Tibetan historian and Buddhist monk (1504–1566)

Pawo Tsuglag Threngwa (1504–1566), the second Nenang Pawo, was a Tibetan historian of the Karma Kagyu. He was a disciple of Mikyö Dorje, 8th Karmapa Lama. He was the author of the famous mkhas pa'i dga' ston, A Scholar's Feast, addressing history of Buddhism in India and its spread in Tibet, as well as the history of Tibet.

Of Tsuklak Trengwa's many students, his chief disciples included the Ninth Karmapa Wangchuk Dorje, the Fifth Zhamar Konchok Yenlag, and the Third Tsurpu Gyeltsab, Drakpa Peljor (mtshur phu rgyal tshab 03 grags pa dpal 'byor, 1519–1549).

In 1565, a year before his death, he wrote a detailed commentary of the Bodhisattvacaryāvatāra.

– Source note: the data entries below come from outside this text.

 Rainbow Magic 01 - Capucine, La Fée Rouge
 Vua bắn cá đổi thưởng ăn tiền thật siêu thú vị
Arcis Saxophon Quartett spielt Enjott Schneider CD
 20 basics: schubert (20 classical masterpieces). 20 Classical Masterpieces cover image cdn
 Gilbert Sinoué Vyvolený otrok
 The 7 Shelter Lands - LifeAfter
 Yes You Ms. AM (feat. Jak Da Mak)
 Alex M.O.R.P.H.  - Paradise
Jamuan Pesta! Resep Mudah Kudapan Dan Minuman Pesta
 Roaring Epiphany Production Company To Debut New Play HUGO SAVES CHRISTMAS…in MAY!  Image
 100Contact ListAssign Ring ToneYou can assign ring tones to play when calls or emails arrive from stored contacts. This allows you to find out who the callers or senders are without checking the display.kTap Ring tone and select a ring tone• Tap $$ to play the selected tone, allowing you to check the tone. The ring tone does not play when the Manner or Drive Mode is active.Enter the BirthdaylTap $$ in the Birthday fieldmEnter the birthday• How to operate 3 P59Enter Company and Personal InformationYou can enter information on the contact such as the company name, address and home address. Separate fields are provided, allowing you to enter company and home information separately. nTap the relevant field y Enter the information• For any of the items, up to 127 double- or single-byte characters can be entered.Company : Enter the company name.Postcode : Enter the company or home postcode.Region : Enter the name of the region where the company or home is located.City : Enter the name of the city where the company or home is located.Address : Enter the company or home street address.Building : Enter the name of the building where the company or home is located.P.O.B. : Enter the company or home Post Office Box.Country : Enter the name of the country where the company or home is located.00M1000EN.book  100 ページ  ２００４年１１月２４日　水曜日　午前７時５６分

His dharma histories were cited by the 4th Drikung Chetsang, Tenzin Peme Gyaltsen (1770–1826) in The Golden Garland of the Throne Lineage (Denrab Chöjung Serthreng, gdan rabs chos byung gser phreng).

== Works ==
- The Chojung Khepai Gaton, or Scholars Feast (chos 'byung khas pa'i dga' ston), a renowned Tibetan religious history of Buddhism in India and its diffusion in Tibet, with particular emphasis on the Karma Kagyu tradition.